Clare is the curator of the Art & Historical Collections at University of Ballarat, director Ballarat Heritage Services,genealogist & consulting historian with an interest in pre-1900 non-English speakers in Australia. She started delving into family history as a teenager and hasn’t stopped since. Connections to items made and used by her goldfields Italian family fostered an interest into non-English speakers in Australia and New Zealand before 1900. She is also interested in the impact of being part of a minority group in early Australian Communities. Clare is interested in storytelling through artefacts, and uncovering information ‘lost’ in records. She curated the permanent Camp to City exhibition at the Castlemaine Art Gallery and Historical Museum, and was involved with the Wine, Water and Stone exhibition at Melbourne’s Immigration Museum.  Clare has authored a number of well received books including Bullboar, Macaroni and Mineral Water: Spa Countries Swiss & Italian Story, Directory and Bibliography of Swiss and Italian Settlers in Australasia, and co-authored the award winning Eureka Encyclopaedia.
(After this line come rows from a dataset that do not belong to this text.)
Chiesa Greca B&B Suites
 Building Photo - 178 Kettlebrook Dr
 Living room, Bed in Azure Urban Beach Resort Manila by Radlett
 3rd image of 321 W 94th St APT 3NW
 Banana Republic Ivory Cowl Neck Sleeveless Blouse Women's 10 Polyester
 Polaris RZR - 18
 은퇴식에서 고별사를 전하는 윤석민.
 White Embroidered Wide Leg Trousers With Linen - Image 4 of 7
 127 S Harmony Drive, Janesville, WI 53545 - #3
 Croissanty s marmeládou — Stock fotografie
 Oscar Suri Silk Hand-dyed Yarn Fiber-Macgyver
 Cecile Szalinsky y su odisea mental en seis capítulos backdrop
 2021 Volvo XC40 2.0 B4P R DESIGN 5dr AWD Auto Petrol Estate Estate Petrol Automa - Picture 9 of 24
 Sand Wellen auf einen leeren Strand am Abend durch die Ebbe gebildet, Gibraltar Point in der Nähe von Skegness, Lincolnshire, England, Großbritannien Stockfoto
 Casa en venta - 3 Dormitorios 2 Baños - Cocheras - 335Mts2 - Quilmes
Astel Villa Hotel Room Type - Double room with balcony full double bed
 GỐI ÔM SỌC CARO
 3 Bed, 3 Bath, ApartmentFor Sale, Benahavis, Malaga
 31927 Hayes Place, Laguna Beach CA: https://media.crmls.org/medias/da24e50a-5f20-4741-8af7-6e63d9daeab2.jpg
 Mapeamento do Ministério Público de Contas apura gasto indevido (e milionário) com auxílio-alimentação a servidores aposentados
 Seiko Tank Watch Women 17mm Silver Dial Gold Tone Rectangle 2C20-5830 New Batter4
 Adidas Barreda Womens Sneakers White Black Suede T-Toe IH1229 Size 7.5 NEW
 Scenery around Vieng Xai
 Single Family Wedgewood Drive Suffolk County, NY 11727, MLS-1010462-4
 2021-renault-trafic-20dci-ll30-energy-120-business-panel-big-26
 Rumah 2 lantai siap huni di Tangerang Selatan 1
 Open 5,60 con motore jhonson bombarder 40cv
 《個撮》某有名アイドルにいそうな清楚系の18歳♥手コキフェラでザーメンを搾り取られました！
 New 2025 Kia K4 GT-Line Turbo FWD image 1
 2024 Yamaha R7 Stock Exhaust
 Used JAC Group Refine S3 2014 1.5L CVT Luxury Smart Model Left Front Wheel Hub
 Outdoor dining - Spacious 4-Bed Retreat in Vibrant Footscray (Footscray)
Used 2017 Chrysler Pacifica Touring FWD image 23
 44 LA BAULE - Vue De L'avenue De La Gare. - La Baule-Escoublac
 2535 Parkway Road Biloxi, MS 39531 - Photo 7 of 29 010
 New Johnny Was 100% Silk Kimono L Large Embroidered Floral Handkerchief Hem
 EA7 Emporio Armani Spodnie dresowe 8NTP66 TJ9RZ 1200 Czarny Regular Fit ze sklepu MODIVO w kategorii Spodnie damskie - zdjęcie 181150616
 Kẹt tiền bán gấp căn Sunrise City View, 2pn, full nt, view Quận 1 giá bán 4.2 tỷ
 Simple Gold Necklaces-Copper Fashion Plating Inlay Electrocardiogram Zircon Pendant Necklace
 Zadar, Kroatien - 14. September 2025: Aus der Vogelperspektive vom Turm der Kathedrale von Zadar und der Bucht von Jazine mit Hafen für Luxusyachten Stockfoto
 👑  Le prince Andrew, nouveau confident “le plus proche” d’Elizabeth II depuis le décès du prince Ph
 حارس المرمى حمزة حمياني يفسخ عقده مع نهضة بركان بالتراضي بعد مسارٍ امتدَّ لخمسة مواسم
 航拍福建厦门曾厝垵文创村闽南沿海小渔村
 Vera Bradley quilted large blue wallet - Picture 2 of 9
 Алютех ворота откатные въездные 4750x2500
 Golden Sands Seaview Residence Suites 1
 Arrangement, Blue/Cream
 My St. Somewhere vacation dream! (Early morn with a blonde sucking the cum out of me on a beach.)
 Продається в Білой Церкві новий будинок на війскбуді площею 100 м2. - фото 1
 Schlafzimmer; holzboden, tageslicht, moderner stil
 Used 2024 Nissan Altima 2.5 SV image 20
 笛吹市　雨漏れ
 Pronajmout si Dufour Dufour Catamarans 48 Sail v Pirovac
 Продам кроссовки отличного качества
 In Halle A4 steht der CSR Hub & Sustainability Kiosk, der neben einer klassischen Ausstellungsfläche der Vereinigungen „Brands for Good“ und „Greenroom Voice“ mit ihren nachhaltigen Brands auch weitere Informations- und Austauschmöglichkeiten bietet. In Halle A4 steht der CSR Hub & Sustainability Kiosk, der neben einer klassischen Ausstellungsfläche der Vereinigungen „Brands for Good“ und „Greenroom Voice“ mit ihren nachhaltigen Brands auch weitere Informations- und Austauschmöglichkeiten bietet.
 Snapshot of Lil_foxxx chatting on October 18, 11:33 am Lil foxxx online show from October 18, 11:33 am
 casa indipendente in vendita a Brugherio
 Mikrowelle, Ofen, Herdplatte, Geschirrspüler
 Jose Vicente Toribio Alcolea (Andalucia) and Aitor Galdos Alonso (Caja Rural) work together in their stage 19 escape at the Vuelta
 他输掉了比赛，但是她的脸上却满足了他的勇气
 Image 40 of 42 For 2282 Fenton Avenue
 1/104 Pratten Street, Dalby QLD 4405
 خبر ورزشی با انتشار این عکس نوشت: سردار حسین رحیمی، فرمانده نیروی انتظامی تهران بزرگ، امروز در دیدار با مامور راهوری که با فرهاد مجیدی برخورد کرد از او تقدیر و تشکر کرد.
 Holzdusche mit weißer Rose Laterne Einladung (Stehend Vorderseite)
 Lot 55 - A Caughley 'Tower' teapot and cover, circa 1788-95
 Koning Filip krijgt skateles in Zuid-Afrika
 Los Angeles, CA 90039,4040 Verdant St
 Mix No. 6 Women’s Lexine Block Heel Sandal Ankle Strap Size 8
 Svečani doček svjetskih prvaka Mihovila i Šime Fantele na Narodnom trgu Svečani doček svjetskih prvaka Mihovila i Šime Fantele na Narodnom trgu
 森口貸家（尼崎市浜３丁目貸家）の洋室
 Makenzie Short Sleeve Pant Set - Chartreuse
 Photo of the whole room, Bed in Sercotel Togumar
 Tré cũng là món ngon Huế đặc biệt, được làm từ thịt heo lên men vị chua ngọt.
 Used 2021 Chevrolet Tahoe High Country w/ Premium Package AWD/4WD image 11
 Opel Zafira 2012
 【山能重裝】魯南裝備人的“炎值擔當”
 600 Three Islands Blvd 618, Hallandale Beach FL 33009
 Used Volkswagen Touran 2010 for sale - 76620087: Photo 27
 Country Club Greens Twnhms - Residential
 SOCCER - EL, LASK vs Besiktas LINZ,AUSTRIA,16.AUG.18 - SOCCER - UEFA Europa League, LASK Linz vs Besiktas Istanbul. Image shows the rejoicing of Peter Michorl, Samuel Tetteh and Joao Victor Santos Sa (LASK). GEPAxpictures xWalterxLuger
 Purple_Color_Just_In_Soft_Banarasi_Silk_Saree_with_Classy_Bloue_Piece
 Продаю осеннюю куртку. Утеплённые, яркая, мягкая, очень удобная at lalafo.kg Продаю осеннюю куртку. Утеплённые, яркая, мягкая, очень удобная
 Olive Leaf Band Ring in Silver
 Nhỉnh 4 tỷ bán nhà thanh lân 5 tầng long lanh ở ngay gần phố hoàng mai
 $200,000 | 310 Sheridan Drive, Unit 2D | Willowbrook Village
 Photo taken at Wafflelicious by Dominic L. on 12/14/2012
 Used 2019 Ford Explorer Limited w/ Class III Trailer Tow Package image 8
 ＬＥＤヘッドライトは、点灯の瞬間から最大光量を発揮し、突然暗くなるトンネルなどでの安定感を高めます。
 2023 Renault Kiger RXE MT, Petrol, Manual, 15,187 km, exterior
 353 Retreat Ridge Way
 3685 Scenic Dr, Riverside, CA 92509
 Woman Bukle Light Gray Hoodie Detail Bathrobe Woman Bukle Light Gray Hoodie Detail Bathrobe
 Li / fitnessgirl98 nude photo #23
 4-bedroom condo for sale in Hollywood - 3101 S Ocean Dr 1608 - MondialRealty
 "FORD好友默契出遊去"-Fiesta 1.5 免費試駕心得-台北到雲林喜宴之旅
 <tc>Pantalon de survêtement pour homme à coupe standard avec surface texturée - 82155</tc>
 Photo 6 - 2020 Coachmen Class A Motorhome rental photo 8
Since the early 1970s Australia has been described as a multicultural society with many believing this to be a post war phenomenon. When delving into goldfields ancestry it quickly becomes obvious that goldseekers arrived from all corners of the globe, and spoke many differing languages. This talk will delve into some experiences of non-English speakers on the Victorian goldfields and will describe how they overcame a ‘confusion of tongues’ during their first years in Australia. Using examples of difficulties add successes experienced by Italian speakers on the Jim Crow (Daylesford), it can easily be assumed that other non-English speaking minority groups would have undergone similar encounters.

Lisa Gervasoni

Lisa G cropHidden Perspectives through Maps: New and Traditional Sources to Locate your Ancestors & their Homes

Lisa Gervasoni is the Coordinator of Strategic Planning at Moorabool Shire Council, an Executive Committee Member of Australia ICOMOS and is member of the Committee of the Daylesford and District Historical Society, the Hepburn Shire Heritage Advisory Committee and the Wombat Hill Botanic Gardens Advisory Committee.  Lisa has been inducted into the Hepburn Women’s Honour Roll, received State and National Planning Awards and has been involved in many heritage studies and processes to provide statutory protection of places.  She has curated two history exhibitions in the Warrnambool Art Gallery and her photographs have been displayed in the Warrnambool Art Gallery, the Newcastle Art Gallery and the Museum of Sydney.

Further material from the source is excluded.